Over 30 killed in Al-Shabaab attack on busy Mogadishu beach – Technologist

An Al-Shabaab suicide bomber and gunmen attacked a busy beach in the Somali capital Mogadishu, killing 32 people and wounding scores more, in one of the deadliest attacks in months, police said on Saturday, August 3. The Al-Qaeda-linked jihadists have been waging an insurgency against the internationally backed federal government for more than 17 years and have previously targeted the Lido beach area, popular with business people and officials.

“More than 32 civilians died in this attack and about 63 others were wounded, some of them critically,” police spokesman Abdifatah Adan Hassan told reporters during a press conference. “Targeting and blasting to kill 32 members from the civilian population means these Kharijites are not going to target only government centers, soldiers and officials,” he said, using the term Somali officials adopt to describe Al-Shabaab.

The assault, for which Al-Shabaab claimed responsibility in a post on a pro-Shabaab website, began late on Friday when a suicide bomber detonated a device and gunmen stormed the area, police and witnesses told Agence France-Presse (AFP). Officer Mohamed Omar told AFP they had “shot civilians randomly”. He said security forces had ended the attack and killed five gunmen, while a sixth member of the group “blew himself (up) at the beach.” Witnesses said there were many people at the popular location when the explosion occurred.
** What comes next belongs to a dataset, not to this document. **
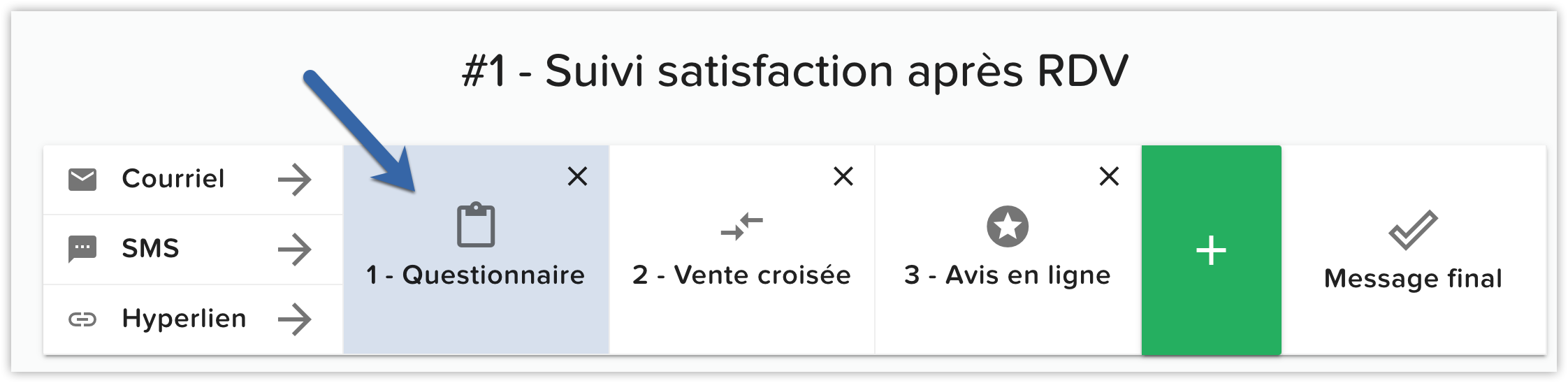 Étape questionnaire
Al-Shabaab has claimed responsibility for numerous bombings and attacks in Mogadishu and other parts of the country, whose government is pressing on with an offensive against the Islamist militants.

The Lido area has been the target of previous attacks, including a six-hour Al-Shabaab siege of a beachside hotel in 2023, which left six civilians dead and 10 wounded. Five people were killed in a powerful car bomb blast at a café in the capital last month. In March, the militants killed three people and wounded 27 in an hours-long siege of another Mogadishu hotel, breaking a relative lull in the fighting.